We have two external servers, Dev and Prod. We are a software house and in the code we have a subdomain metrics.company.com that points to Prod.
Development is continuous and our internal and external developers and testers will need to switch from Dev to Prod and back again. It is not an option to have a different sub domain in the code during development and change this for production.
The way we wish to switch between Dev and Prod is to use DNS. We need a public DNS server that behaves normally apart from routing metrics.company.com to Dev. The users will be able to swap their DNS back and forward to hit the different servers.
What is the easiest way to do this? Is there a company that hosts this service or am I going to have to rent a server and set it up myself?
Any help would be much appreciated.
We have a little more complicated setup, with a DEV, TEST, BETA, and PROD environment. I claim some extra crafty points for coming up with our solution, which allows the developers to initially build their code on their workstations, deploy up, and have it work without changing the code.
We do this by running several different internal DNS zones, specifically dev.zfx, test.zfx, beta.zfx, and then multiple PROD zones, one for each datacenter. Then, depending on the environment that their code is currently residing, the DNS search list is configured to reference that zone first. So, for example, they'll write their code to reference
http://blahfoo/page?paramaters=something
. On a DEV machine (or on their workstations), that will resolve tohttp://blahfoo.dev.zfx/page?parameters=something
.There are a couple of caveats:
At first glance, it's kinda kludgy looking, but it's worked really well for the past five years. If you have any other questions, just lmk.
Why not change your hosts file? Make sure your browser understands the change, I need to restart firefox for this (which is qiute logic because then the resolver in FF (or IE) is restarted).
Why isn't it an option? I go through this kind of thing constantly while developing and solve the "problem" with a single
#define
(in C, or equivalent in whatever language is being used), which sets the development environment and is simply commented out for the production version. Stuffing around with DNS for this kind of thing is not only introducing an undesirable, error prone level of complexity, it should be unnecessary.However, if you really want to pursue this weird idea why not just set up an additional DNS server, with the zone information you want for he dev version and tell your OS to use whichever DNS server is required at any particular time.
You will probably run into trouble doing this with a DNS server. All DNS records have a TTL (time-to-live) attached, and clients (and intermediate DNS servers) will cache name records for that time, so they don't have to query the DNS server all the time. During that time the old records will be re-used, unless you a) force the client to throw away its cache and b) make sure you query to authoritative server for that domain directly (as otherwise your default DNS server will serve a cached record and you have no control over that).
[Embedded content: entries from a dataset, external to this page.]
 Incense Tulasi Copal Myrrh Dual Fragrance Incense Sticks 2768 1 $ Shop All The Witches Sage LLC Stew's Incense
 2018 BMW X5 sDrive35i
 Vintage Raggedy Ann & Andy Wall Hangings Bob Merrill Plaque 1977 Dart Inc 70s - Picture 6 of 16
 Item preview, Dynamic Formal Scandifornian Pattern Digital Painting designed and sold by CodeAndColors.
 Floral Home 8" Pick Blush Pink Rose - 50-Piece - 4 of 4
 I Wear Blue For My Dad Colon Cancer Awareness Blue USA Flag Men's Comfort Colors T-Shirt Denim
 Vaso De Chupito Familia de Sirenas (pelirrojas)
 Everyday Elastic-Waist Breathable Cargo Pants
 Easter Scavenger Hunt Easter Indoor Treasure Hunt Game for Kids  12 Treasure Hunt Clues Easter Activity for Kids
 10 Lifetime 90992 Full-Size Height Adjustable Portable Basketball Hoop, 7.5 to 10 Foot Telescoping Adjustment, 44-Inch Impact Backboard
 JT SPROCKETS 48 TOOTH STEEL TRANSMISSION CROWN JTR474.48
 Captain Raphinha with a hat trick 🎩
A much easier situation is probably to add specific records for these domains/subdomains to your local hosts file (under Windows this is usually in C:\Windows\system32\drivers\etc\, under linux it is in /etc/). Users can then simply (un)comment the lines they need to switch from one server to the other.
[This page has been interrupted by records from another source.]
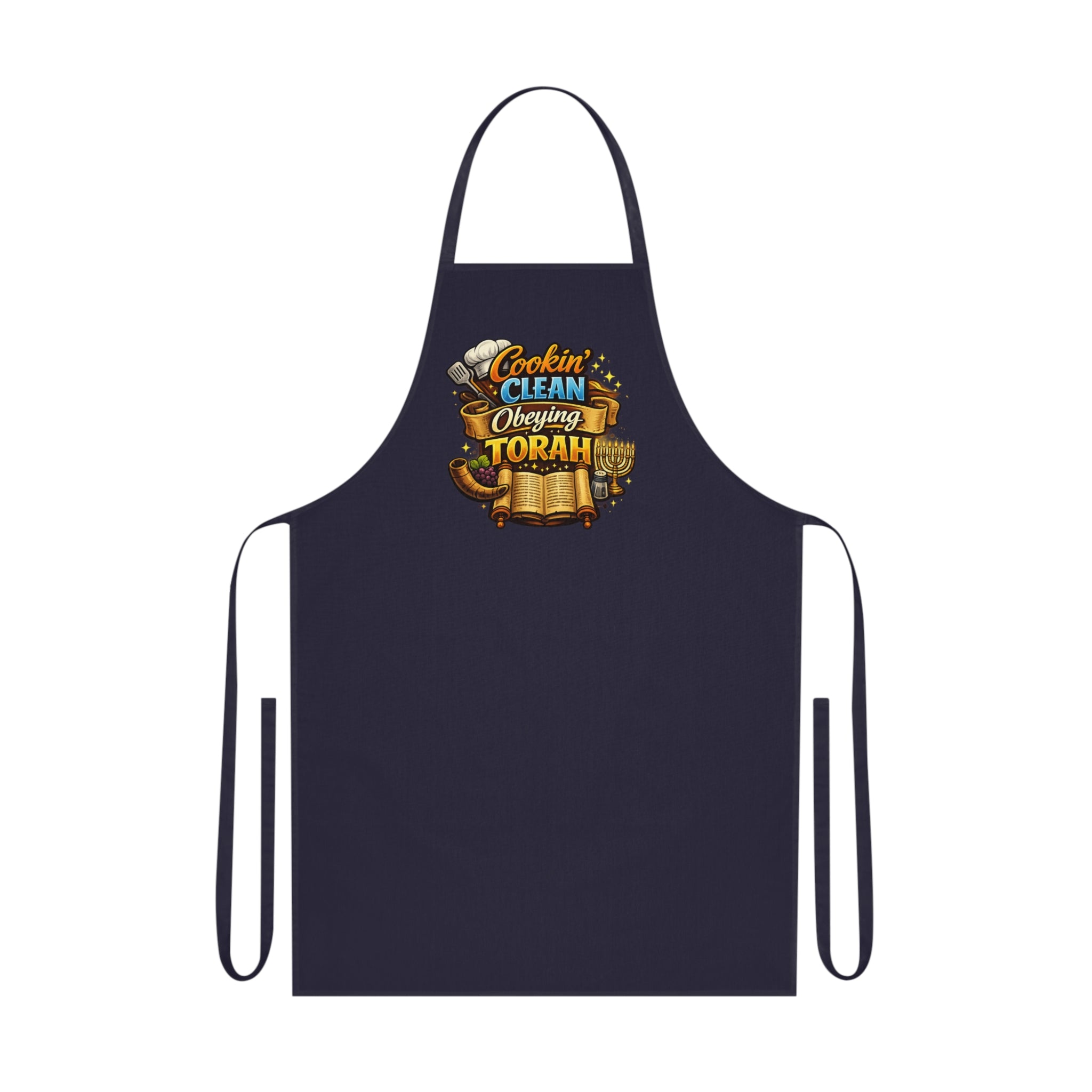 Set Apart Cooking Apron – "Cookin' Clean, Obeying Torah" Cotton Apron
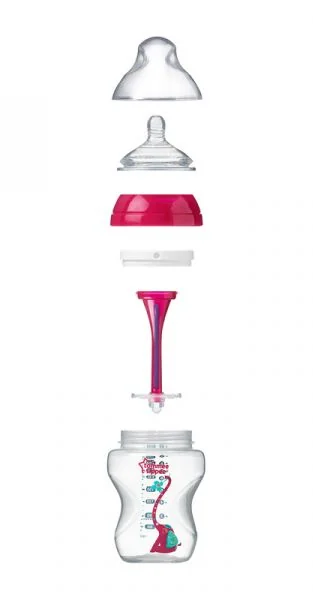Tommee Tippee Kojenecká lahev ADVANCED ANTI-COLIC Pomalý průtok 0m+ 260 ml 1 ks fialová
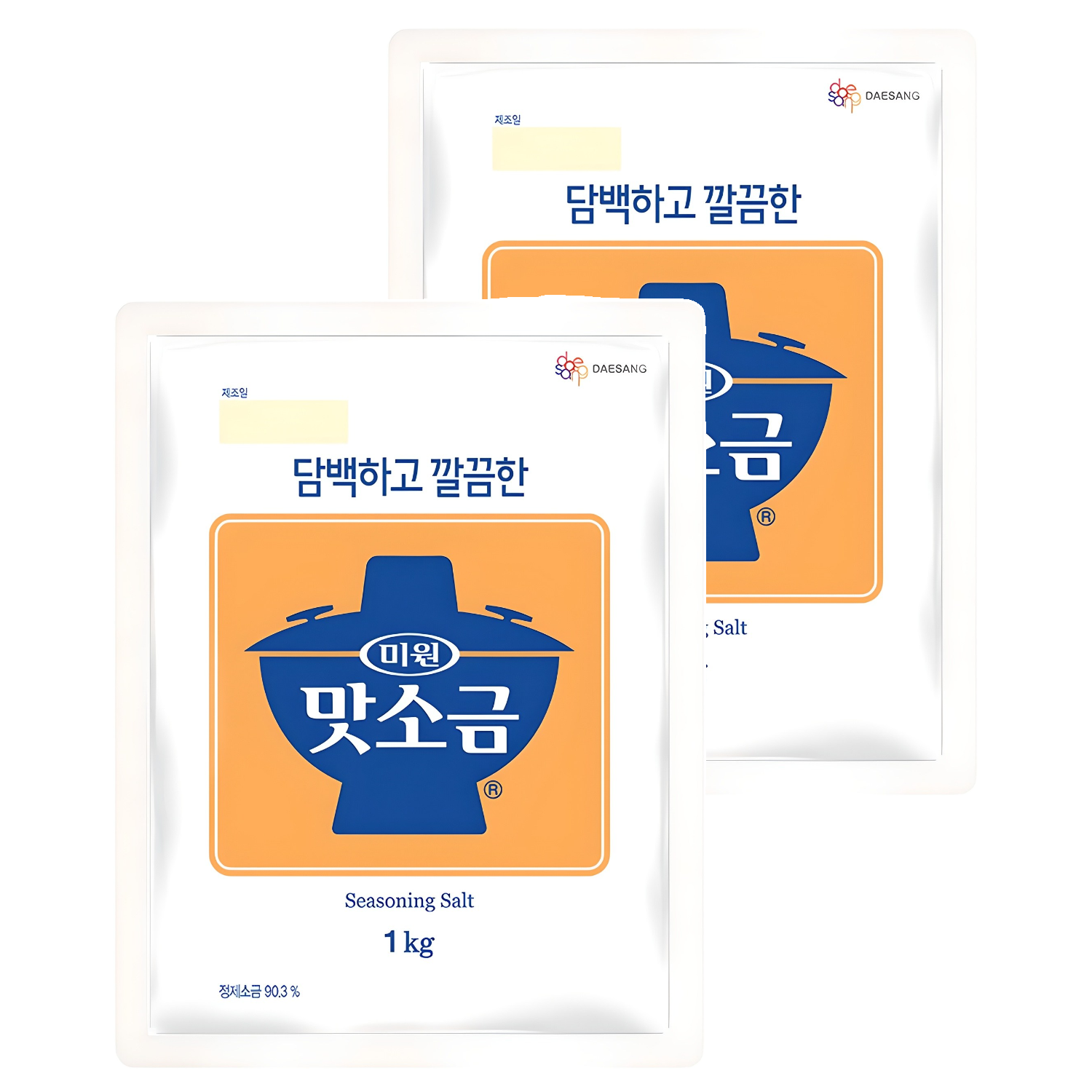 미원 맛소금, 1kg, 2개 7,220원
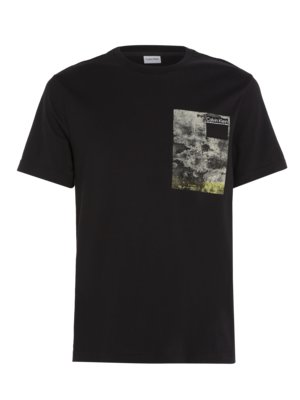 T-Shirt-aus-Baumwolle-mit-Print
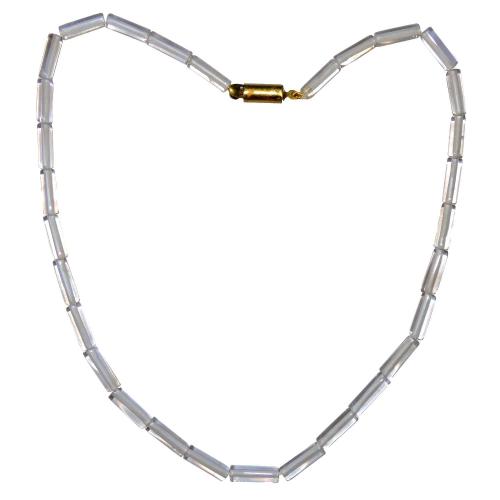 Avika Natural Fine Clear Quartz Necklace for realization of self-discovery/aura balancing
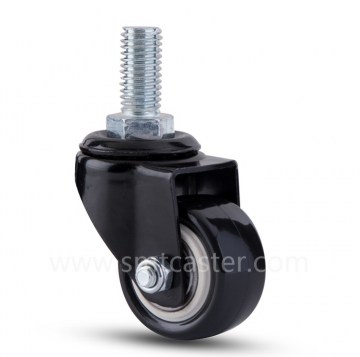 Light Weight 1.5 inch Thread Stem Swivel Caster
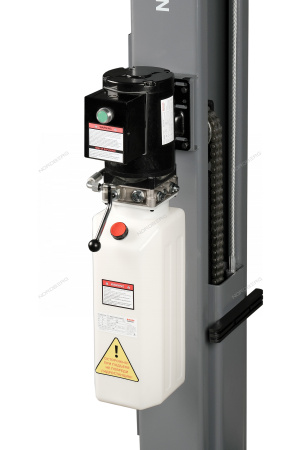 Подъемник 380V 2х стоечный 4,5т NORDBERG N4124AM-4,5G (серый)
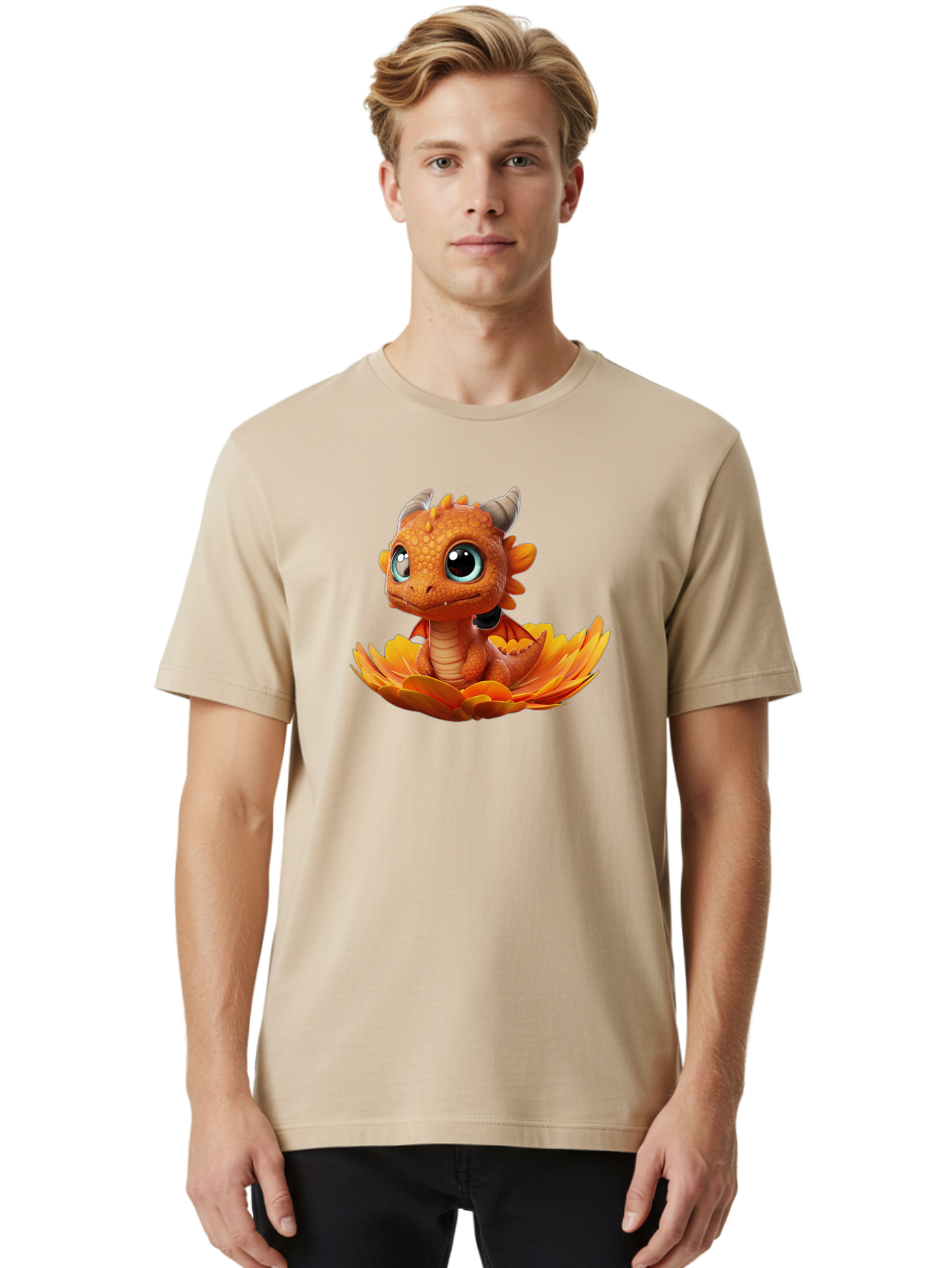Orange-Dragon Men'S Graphic Tee, 100% Cotton, Comfortable Casual Summer Wear, Machine Washable, Vintage Camera, Old Camera, Antique Camera, Black Camera, Classic Photography, Photography Equipment, Nostalgic Device, Film Camera, Camera Art Baj604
Having said this, it would seem a rather strange thing that the sub domain could not be implemented as a run-time option.
I would change DNS servers, not code or DNS records.
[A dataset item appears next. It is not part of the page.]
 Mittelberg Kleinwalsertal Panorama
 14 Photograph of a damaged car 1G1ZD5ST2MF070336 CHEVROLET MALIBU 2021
Depending on how you've got things setup, you can either change the resolv.conf on the hosts, change the DHCP lease information, or change the forwarder for the DNS server you're using.
Set up two DNS servers to be authoritative for the records you're looking up; one DNS server that has the dev IPs and another DNS server that's got the prod IPs.
Just keep the TTLs short for both servers.
If you can have your DNS offsite, you can use CloudFlare for DNS. You can defined very short TTL and if you route the site through their CDN, DNS changes are instant, because it's basically just a configuration to their proxy.